Vivien Leigh, sulky, cool, with a flaunting face, stopped the nervous filming of Gone with the Wind, which has aready sent two directors out with a breakdown, to pose for Vogue in the entrancing corset cover of Scarlett O’Hara. As far back as 1935, however, Miss Leigh posed for British Vogue, exhibiting then, in a variety of fashion pages, her delicious beauty, her dark red hair, her green eyes slanting upwards. In those days when she was on the British stage, in British films, her clothes ran to queer colors, to barbaric jewelery, to leopard skin, and movie writers immediately called her exotic.

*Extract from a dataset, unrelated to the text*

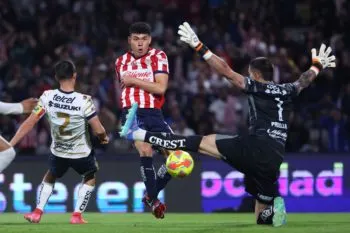 Pumas y Chivas se juegan el último pase al Play-In del Clausura 2025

Now that is changed. Instead, she wears slacks to work, rarely goes to parties, and has switched her English accent to Southern, with the help of two coaches, one from Georgia, one from Mississippi. Hers is the most publicized part in the most publicized production in years. Hers is the difficult job of materializing the composite of hot willfulness, courage, and freezing selfishness that is the O’Hara, the heroine of the country.
From VOGUE UK, 1936
Vivien Leigh–little gypsy. If you want a label for her type, call it exotic. She is slim and luminous. And she can get away with her type of clothes–which runs to heavy, almost barbaric jewelery, leopard skin, and queer colors. In her chartreuse green Stiebel evening dress with topaz jewelery, she is like a Persian gazelle in the dark studio forest of chains and planks.
“I always like to have my clothes just like me,” she says. “I never buy any model, but I have it sized and discuss it with the designer. I don’t like suits so much as dresses an coats, because I’m little, but I like rather plain quiet tweeds for the country, with very bright blouses and sweaters.”